> Task instructions: Retype, word for word, every line from the one holding "Winsome Moreno Black Wood Round Dining Table" through the one holding "ST400 V2 HAT" in the entries below, both included, and only those lines.

> The data:
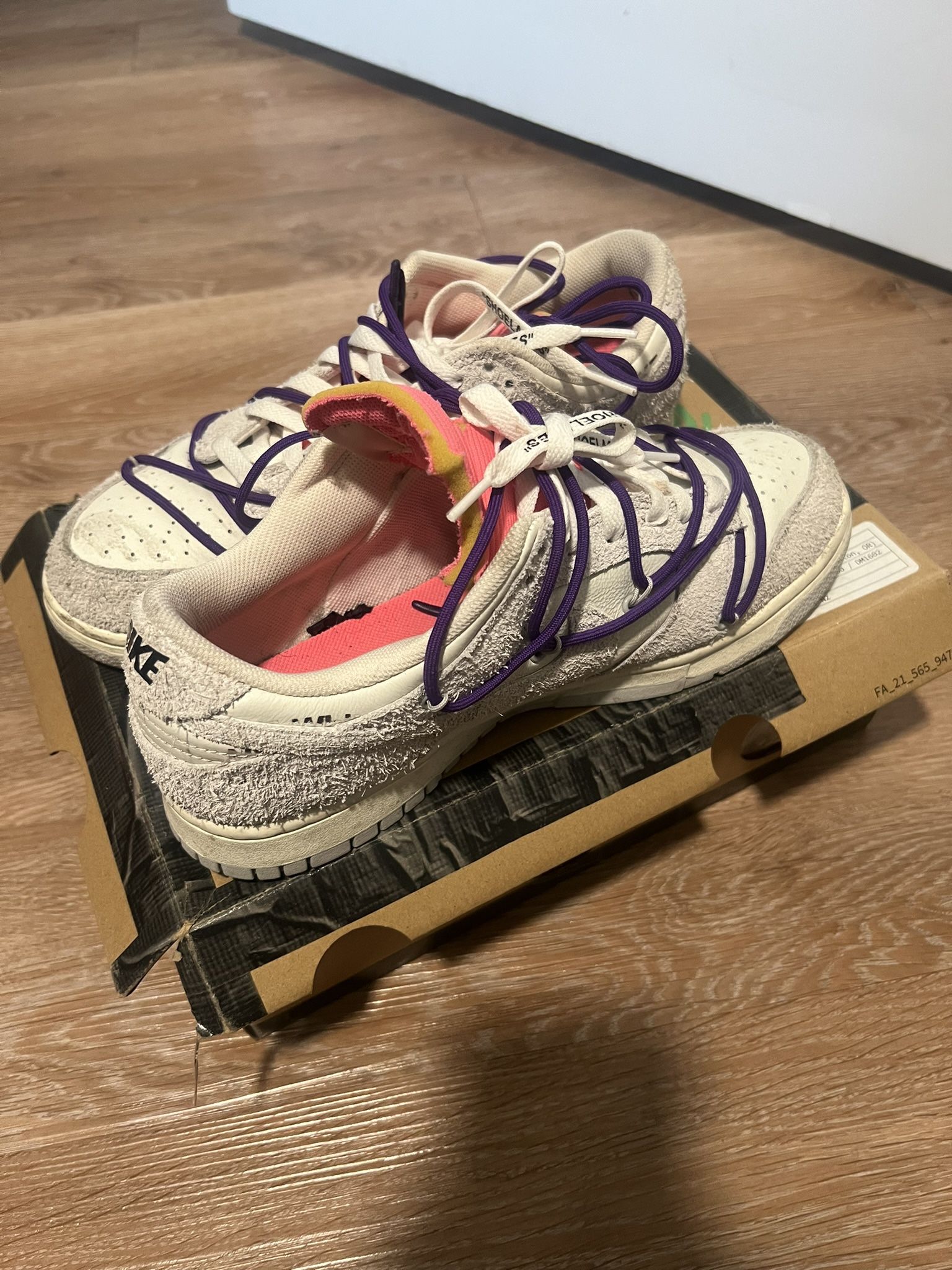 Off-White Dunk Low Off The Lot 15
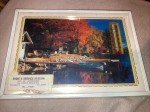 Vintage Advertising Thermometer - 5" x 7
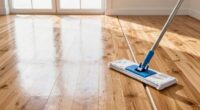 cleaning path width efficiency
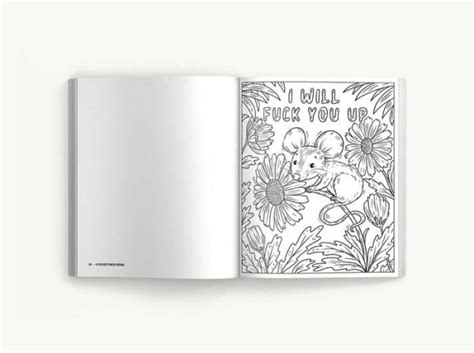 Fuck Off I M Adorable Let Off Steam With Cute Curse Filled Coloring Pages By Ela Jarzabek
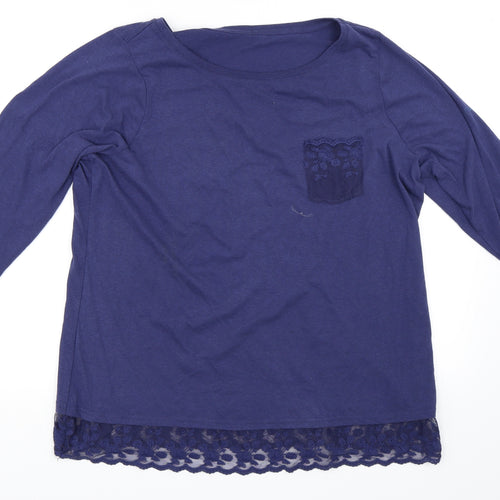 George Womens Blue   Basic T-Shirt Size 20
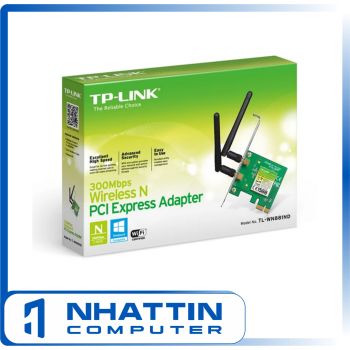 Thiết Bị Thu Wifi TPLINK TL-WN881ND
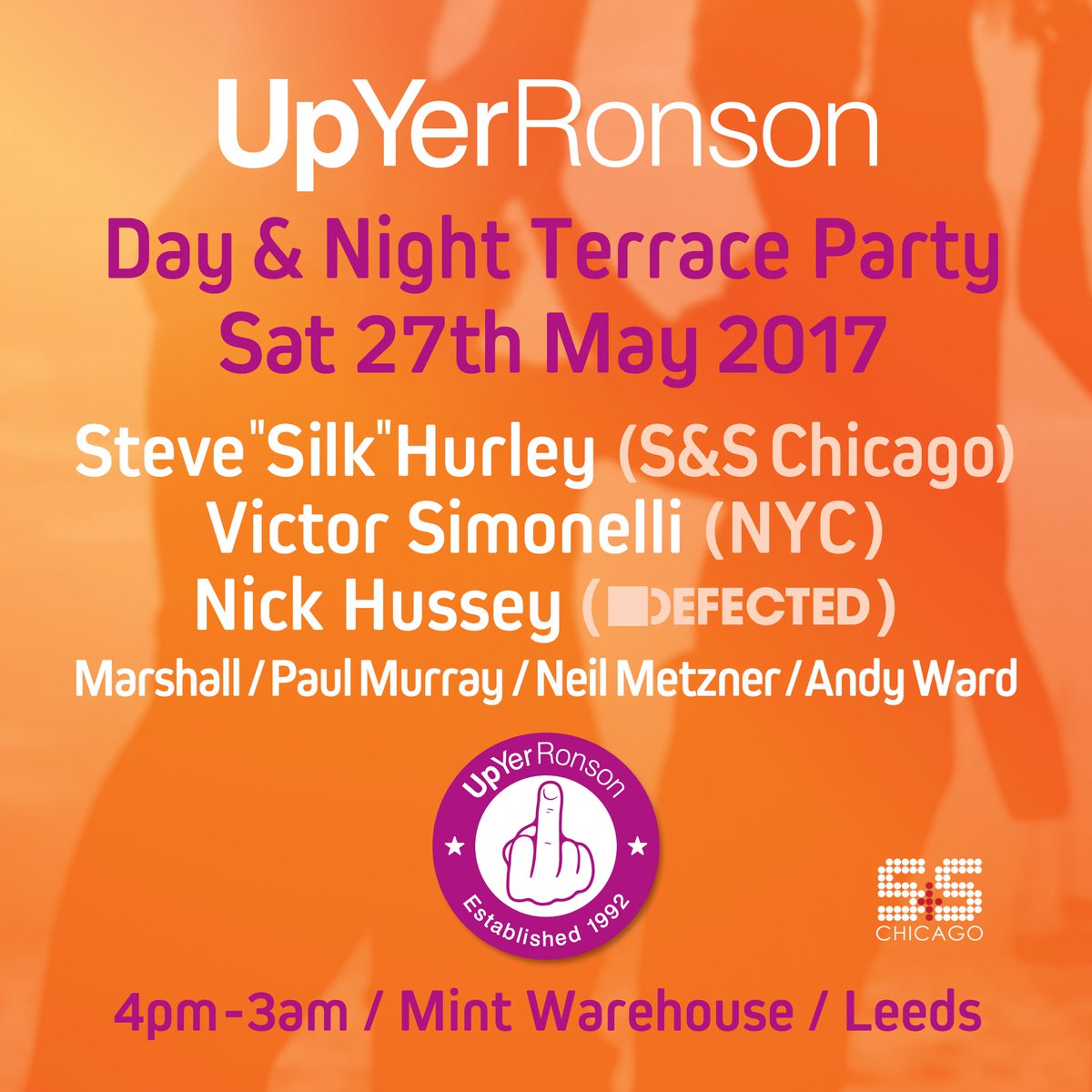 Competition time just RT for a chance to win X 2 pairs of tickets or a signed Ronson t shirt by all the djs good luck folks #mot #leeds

--

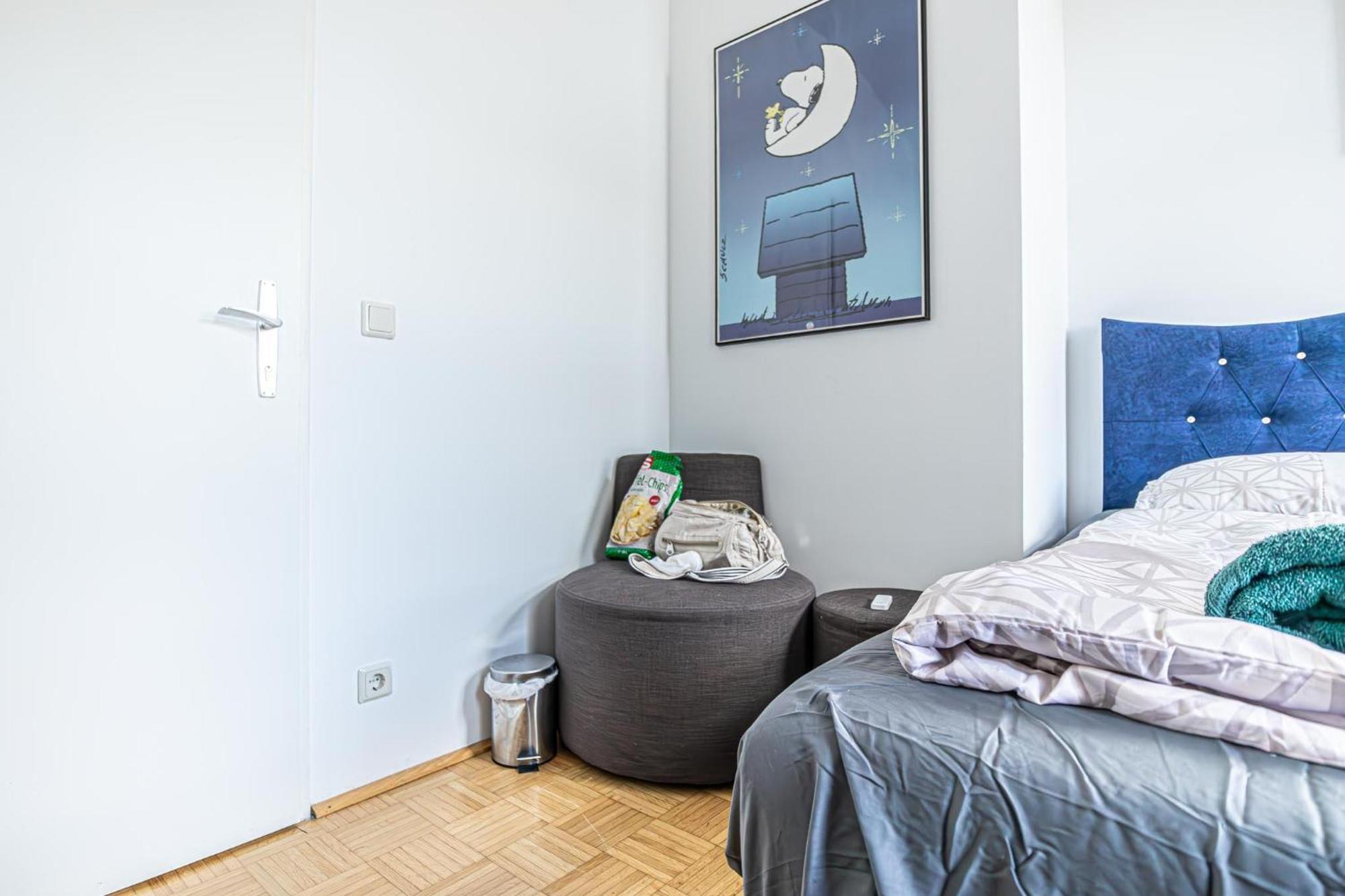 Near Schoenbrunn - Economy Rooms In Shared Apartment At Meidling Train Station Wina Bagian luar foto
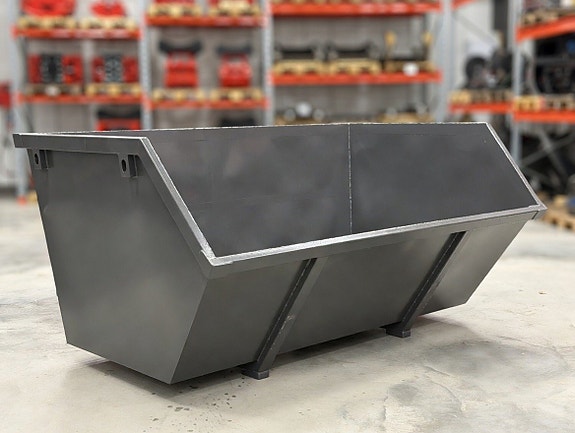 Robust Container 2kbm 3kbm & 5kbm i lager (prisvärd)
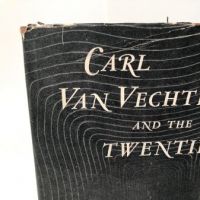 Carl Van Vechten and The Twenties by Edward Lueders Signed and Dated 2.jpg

--

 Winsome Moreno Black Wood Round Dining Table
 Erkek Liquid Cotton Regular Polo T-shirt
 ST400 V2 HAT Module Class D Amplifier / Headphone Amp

> Completed task:
 Winsome Moreno Black Wood Round Dining Table
 Erkek Liquid Cotton Regular Polo T-shirt
 ST400 V2 HAT Module Class D Amplifier / Headphone Amp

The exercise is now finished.